**What to work on**
Take the entries below and print only the lines from the one with "Gompherena Flower Seeds" through the one with "Bengal cats Tica", exactly as they stand, both ends included.

**Exercise data**

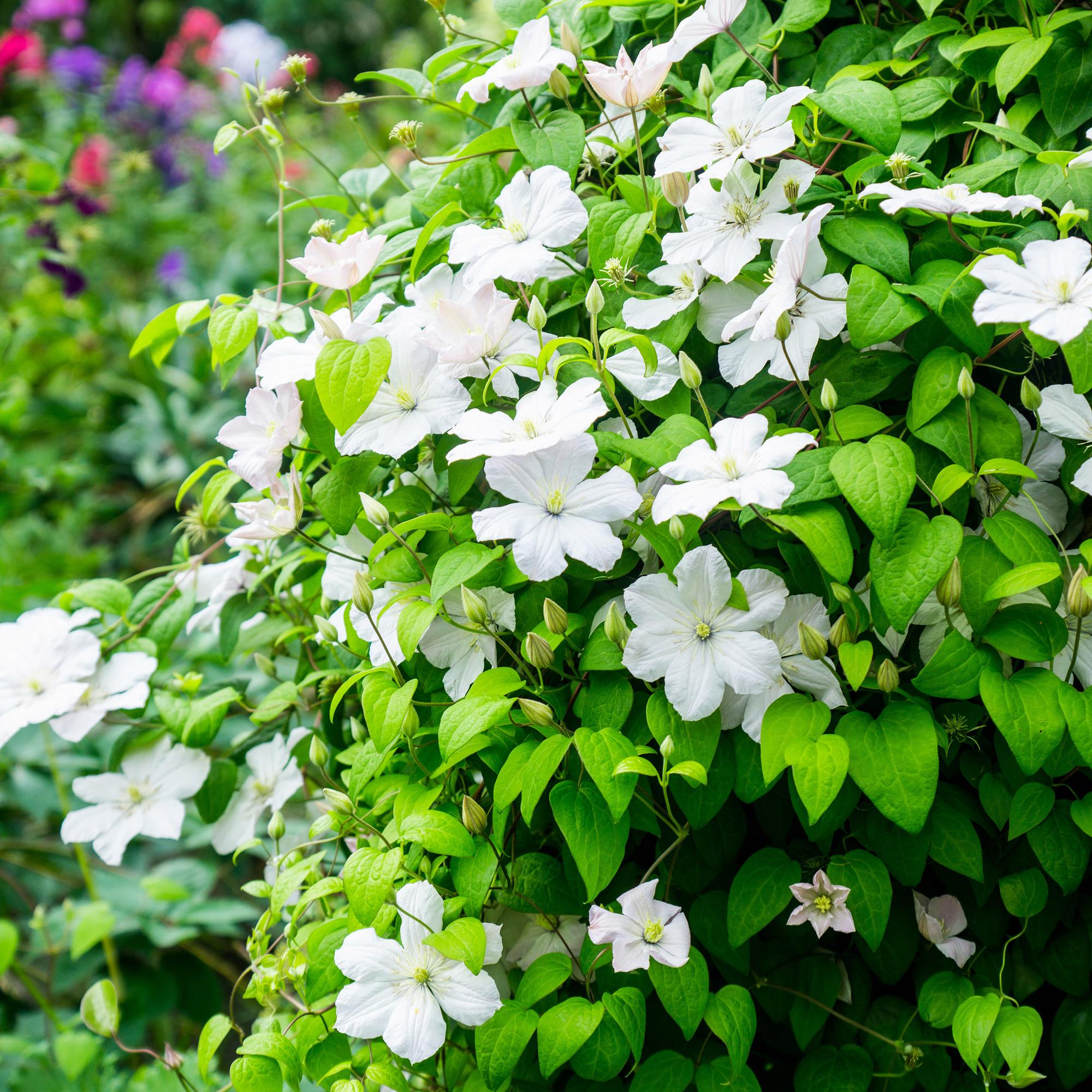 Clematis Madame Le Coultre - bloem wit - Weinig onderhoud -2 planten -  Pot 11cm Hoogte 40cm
--
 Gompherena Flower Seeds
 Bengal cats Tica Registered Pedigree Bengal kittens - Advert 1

**Response box**
 Gompherena Flower Seeds
 Bengal cats Tica Registered Pedigree Bengal kittens - Advert 1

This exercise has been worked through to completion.